WHAT IF our lives are never the same again?
It took a blunt cabinet secretary at a dry state budget hearing to voice the fears of millions.
For Transportation Secretary Stephanie Pollack, the issue was, unsurprisingly, transportation. “The COVID pandemic may well have changed travel and transportation forever,” Pollack said at a hearing before the Legislature’s Ways and Means Committees on Wednesday.
Working from home, online shopping, and remote learning, Pollack said, have reshaped the needs of travelers. She said state officials have “begun to plan for a post-COVID world where some of the changes in travel remain long after the pandemic has been vanquished.”
For Pollack, the changes mean a need to reconsider the nitty-gritty of state transportation budgeting.

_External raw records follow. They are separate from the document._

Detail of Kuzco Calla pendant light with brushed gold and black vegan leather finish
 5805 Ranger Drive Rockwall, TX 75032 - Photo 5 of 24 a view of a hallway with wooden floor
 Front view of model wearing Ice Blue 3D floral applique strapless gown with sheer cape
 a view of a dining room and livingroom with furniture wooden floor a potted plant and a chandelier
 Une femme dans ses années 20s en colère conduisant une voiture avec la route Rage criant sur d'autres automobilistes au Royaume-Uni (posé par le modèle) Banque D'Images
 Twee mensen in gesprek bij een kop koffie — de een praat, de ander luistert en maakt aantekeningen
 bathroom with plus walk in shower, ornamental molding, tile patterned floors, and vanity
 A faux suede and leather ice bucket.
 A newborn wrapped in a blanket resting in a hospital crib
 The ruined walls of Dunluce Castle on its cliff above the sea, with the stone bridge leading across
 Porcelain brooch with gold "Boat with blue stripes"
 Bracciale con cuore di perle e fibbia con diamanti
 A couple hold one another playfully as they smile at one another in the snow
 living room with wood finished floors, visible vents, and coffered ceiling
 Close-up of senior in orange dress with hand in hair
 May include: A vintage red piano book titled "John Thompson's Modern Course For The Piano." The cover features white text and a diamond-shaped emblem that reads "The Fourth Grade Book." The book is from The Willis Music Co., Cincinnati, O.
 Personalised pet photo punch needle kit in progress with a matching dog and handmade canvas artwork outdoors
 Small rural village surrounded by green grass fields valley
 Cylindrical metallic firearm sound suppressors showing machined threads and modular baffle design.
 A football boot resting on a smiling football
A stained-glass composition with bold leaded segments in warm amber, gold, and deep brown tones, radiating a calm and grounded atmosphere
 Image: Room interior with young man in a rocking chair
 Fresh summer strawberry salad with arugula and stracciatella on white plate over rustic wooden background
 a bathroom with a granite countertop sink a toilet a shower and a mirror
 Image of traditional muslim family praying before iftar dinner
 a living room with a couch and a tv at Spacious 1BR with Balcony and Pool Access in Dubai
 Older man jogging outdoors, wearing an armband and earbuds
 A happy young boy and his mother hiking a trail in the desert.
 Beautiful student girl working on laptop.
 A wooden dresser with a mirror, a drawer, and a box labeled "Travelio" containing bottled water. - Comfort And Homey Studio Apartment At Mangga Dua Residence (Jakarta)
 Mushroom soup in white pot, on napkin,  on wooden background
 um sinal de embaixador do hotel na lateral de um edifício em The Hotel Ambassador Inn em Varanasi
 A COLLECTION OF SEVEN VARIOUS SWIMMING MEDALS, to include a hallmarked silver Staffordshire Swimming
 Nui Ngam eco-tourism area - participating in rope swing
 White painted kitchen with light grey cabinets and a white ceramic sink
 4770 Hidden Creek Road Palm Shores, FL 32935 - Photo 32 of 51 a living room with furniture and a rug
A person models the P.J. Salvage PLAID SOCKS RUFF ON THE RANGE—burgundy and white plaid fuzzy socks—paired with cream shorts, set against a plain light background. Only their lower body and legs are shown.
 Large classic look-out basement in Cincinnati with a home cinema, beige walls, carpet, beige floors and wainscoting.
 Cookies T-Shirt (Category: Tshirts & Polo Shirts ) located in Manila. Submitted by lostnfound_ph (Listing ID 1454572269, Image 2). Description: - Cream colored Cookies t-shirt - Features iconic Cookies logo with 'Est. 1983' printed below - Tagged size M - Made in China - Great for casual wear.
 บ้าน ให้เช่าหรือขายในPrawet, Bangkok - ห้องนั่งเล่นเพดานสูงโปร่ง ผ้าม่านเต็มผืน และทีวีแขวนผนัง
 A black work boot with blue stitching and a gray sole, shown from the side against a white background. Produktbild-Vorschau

With less traffic, revenue from tolls is expected to drop from $621.7 million in fiscal 2019 to $449.6 in fiscal 2021. The MBTA is now serving 330,000 trips on an average weekday, down from 1.26 million in September 2019, leading to talk about service cuts or service adjustments. As Pollack noted, even with social distancing accommodations, it doesn’t make sense to run near-empty trains.
A slide show Pollack presented envisioned three possible scenarios: a gradual return to pre-COVID conditions with a slight increase in telework; an economic recovery paired with a shift in travel patterns that takes advantage of new e-commerce and remote meeting technology; and lasting economic impacts leading to depressed travel and increased telecommuting.
All the scenarios include, for better or for worse, some impact on residents forever.
And transit is hardly the only area where experts are asking long-term questions. Already, urban planners are questioning whether the coronavirus will lead to the demise of cities.
The Boston Globe recently ran a story headlined “Is pandemic isolation destroying our social skills?” While the story was somewhat facetious, the question is serious: How will a prolonged lack of social interaction affect our personalities?
Experts exploring the issue of women leaving the workforce during the pandemic note that after Hurricane Katrina shut down schools, it took years for women to regain their position in the workforce. And anyone forced to leave the workforce for an extended period of time could see the effects all the way through their retirement, in the form of lower Social Security payments.
The Globe recently reported that enrollment in graduate and undergraduate programs is way down. State House News Service reported that enrollment in public colleges, particularly community colleges, is also down. If some of these students forego higher education altogether, what will the impact be on their lifelong wages?
It goes without saying that for some, the impacts of COVID-19 are unquestionably forever. The dead cannot be brought back. Their families have lost a loved one. We don’t yet know how long COVID-19 “long-haulers” will continue to suffer ill health.
But Pollack’s comment resonates. Even for those of us lucky enough to survive the pandemic with our health intact, will there be impacts that last forever?